16 stycznia 2015 18:48
16 stycznia 2015 18:48
odkurzacze ROBOCLEAN
U nas w domu również odbyła się tzw. reklama tego urządzenia, ale ponieważ pan przedstawiciel widział, że i tak nic z tego to zanim ujawnił że urządzenie to odkurzacz postanowił się wynosić z naszego domu, bo chyba wyczuł że my nie jesteśmy podatni na manipulację i tak tego nie kupimy. Jednak na nasza prośbę prezentację dokończył. Test z lampą mu niestety nie wyszedł, bo u nas w domu jest po prostu czysto. Dla tych, którzy nie wiedzą o co chodzi - pan ma ze sobą lampkę nocną, którą pociera dywan a następnie zapala ową lampkę po to, żeby pokazać ile kurzu mamy w domu. Ale my mamy po prostu czysto więc kurzu lampka nie ujawniła. Poza tym oczywiście nazywał nasz odkurzacz zakurzaczem, pokazywał za pomocą pończochy ile to mamy w domu brudu, piasku i kurzu. Straszył nas alergiami, astmą i nie wiadomo czym jeszcze. Z ciekawości dzisiaj zrobiliśmy test z pończochą naszym poczciwym Zelmerem i coż..efekt jest dokładnie taki sam. Włoski z dywanu, sierść zwierząt zostały zatrzymane na pończosze w formie identycznej kulki. Szczerze mówiąc miałam już na to ochotę wczoraj podczas prezentacji, ale pewnie miłego pana ( który był kryptochamem) tylko by to rozjuszyło. Kolejny zgrzyt miał miejsce w momencie kiedy pan poprosił o listę nazwisk i telefonów do moich znajomych. Stanowczo zaprotestowałam, ponieważ nie podaję żadnych danych bez czyjejś zgody. Pan nie rozumiał i alej drążył, że to nic takiego przecież, bo on tylko zadzwoni i jak ktoś nie będzie chciał to odmówi. Ja mu powiedziałam, że on nie rozumie co ja do niego mówię i powtarzam, ze nie podaję żadnych danych bez zgody zainteresowanych. I nie podałam, ale pan nawet nie potrafił ukryć swojego zirytowania.
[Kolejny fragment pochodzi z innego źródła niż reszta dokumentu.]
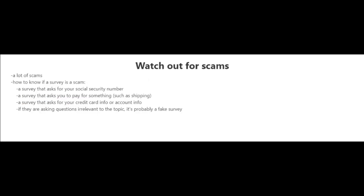Online surveys are probably one of the easiest ways to make money online, but there are a lot of scams out there, so do your due diligence. Here are some common-sense red flags: a survey that asks for your social security number, a survey that asks you to pay for shipping or anything else. You should never pay for anything with online surveys, never disclose private information like your social security number, credit card number, or account information. And if a survey asks questions irrelevant to its topic, it's probably fake.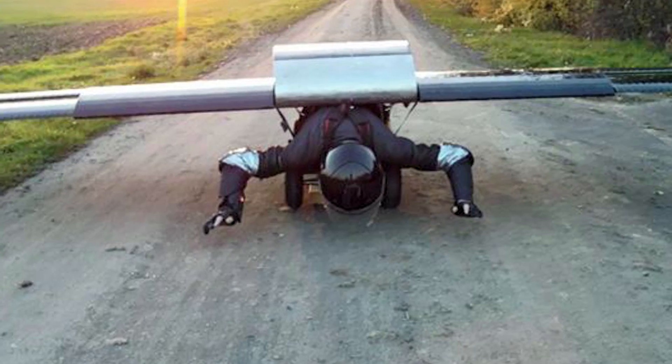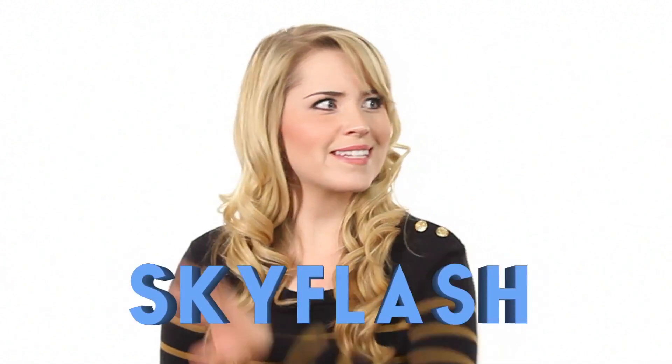It's a bird! It's a plane! It's a young German man in the world's first wing jetpack that can take off from the ground! Fritz Unger and his friends from Hanover, Germany spent five years developing a one-man jet-propelled wing — a singular, giant wing that is more of a backpack-mounted aircraft, dubbed Sky Flash.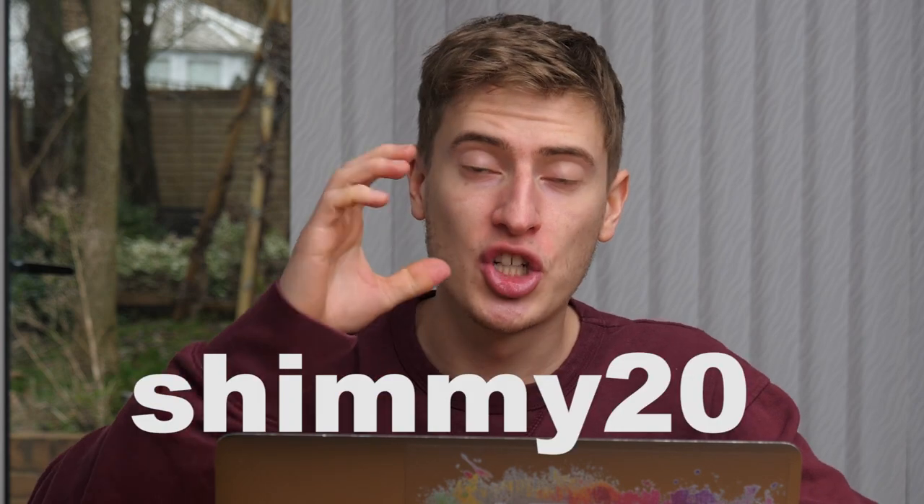I want to be honest with you that the link in the description is going to be an affiliate link, so when you buy it I'll get something out of it. And obviously you'll get something out of it because I have a 20% discount if you use the code shimmy20.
Gdyby mógł to pewnie by mnie wysłał na księżyc a ja szczerze mówiąc miałam ochotę dać mu kopa w d*pę, żeby czym prędzej opuścił mój dom. Zgodziłam się na tę "reklamę" tylko ze względu na osobę, która miała dostać za to gary. Co do sprzętu, to wygląda bardzo fajnie, jest na pewno bdb ale jego wartość realna to prawdopodobnie jakieś 1000-1500 zł. Reszta to pieniądze wywalone w kibel czyt. na prowizję dla takich mało rozgarniętych panów, którym słoma wyłazi z butów i ich szefów. Mowa o przedstawicielu firmy TOMED. Ludzie miejcie rozum na miejscu i nie bądźcie podatni na tak proste techniki manipulacji jakich używają przedstawiciele tej firmy.